■ TASK INSTRUCTIONS ■
Of the material below, the lines to be retyped are those from the line containing "compartir sus experiencias." through the line containing "VTG Rocky 640", inclusive; reproduce them exactly.

■ EXCERPTED RECORDS ■

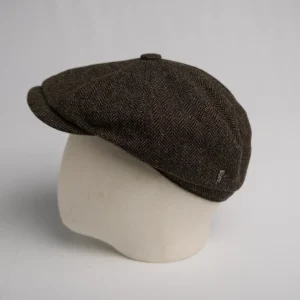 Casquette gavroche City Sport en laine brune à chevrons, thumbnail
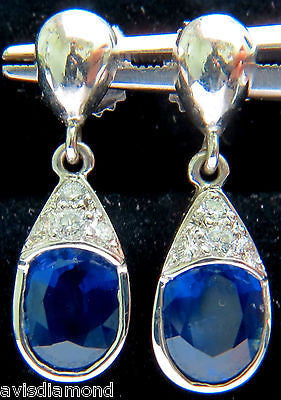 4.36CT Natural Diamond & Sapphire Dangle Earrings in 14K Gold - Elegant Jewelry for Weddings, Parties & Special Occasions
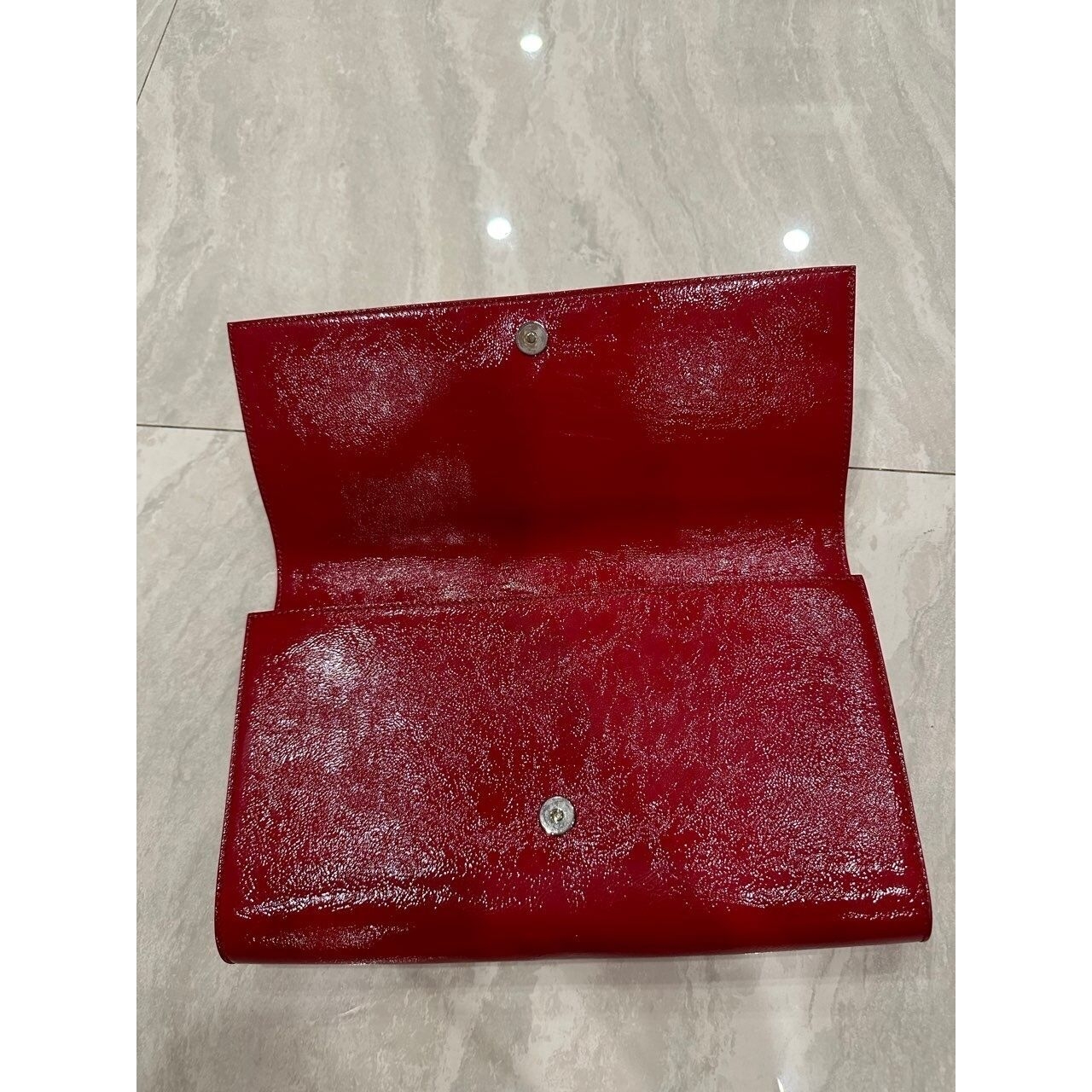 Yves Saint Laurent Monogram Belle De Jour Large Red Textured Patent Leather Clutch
* * *
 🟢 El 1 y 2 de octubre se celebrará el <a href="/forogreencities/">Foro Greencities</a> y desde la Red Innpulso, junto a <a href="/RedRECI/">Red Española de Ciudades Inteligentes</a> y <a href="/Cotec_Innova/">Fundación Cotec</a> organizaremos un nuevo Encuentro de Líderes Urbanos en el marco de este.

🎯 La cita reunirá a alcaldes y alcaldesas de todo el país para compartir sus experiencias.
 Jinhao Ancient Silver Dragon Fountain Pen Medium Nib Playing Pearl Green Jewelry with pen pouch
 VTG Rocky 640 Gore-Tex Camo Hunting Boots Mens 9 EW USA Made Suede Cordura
* * *
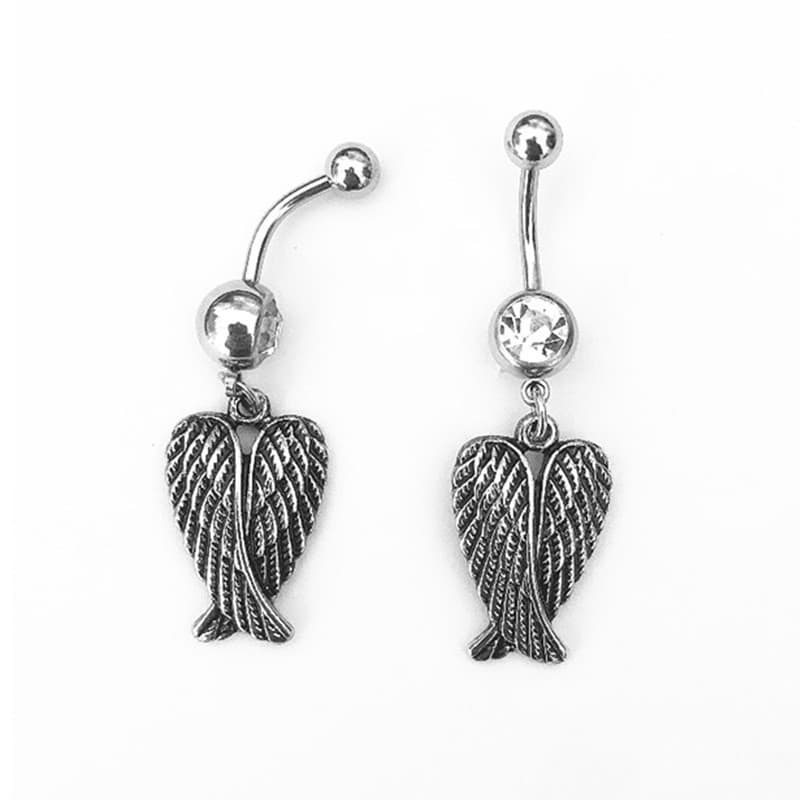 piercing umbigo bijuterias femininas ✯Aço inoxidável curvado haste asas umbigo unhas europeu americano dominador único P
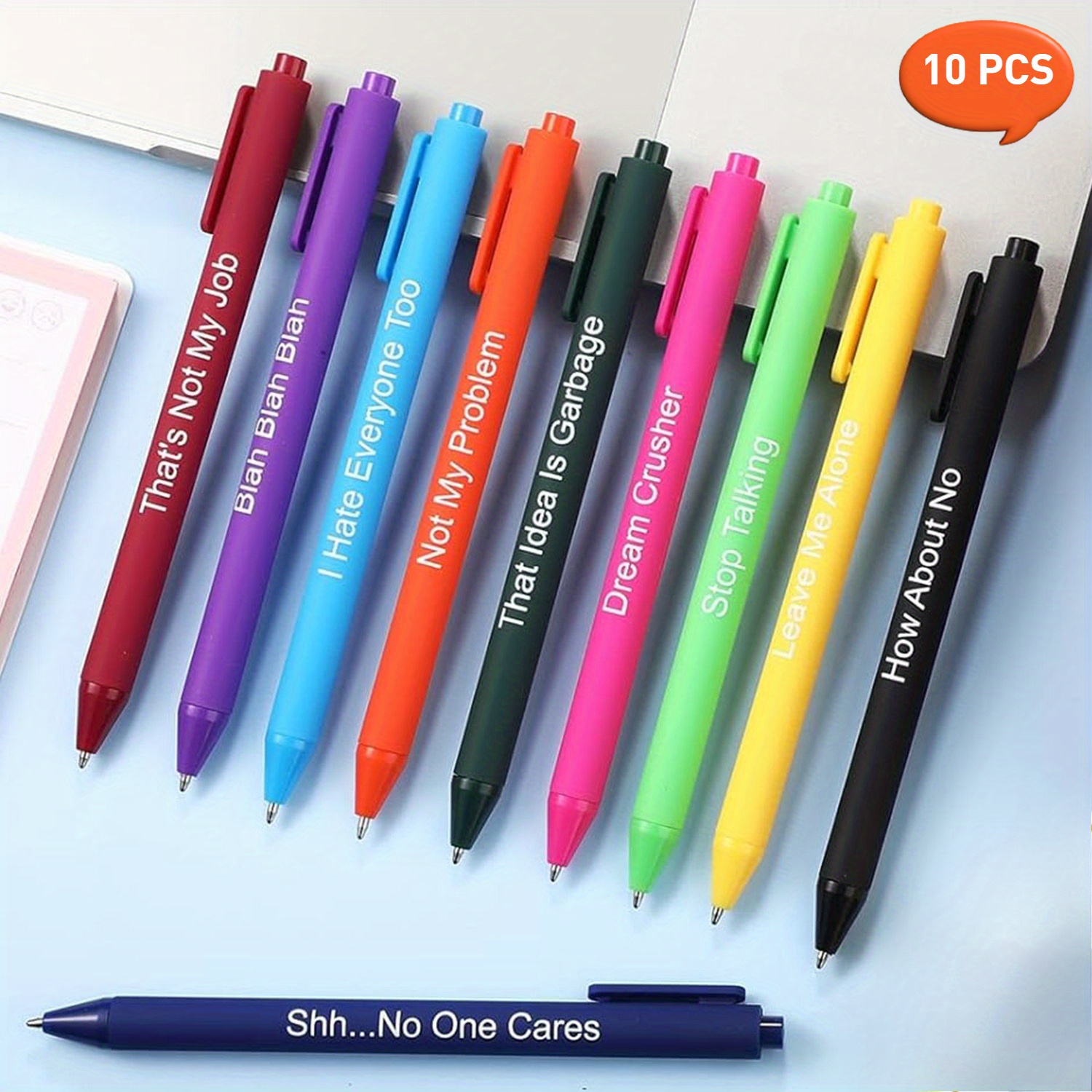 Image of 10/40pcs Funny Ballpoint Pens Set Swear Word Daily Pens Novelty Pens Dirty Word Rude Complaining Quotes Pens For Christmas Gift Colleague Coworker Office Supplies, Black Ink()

■ WRITTEN ANSWER ■
🎯 La cita reunirá a alcaldes y alcaldesas de todo el país para compartir sus experiencias.
 Jinhao Ancient Silver Dragon Fountain Pen Medium Nib Playing Pearl Green Jewelry with pen pouch
 VTG Rocky 640 Gore-Tex Camo Hunting Boots Mens 9 EW USA Made Suede Cordura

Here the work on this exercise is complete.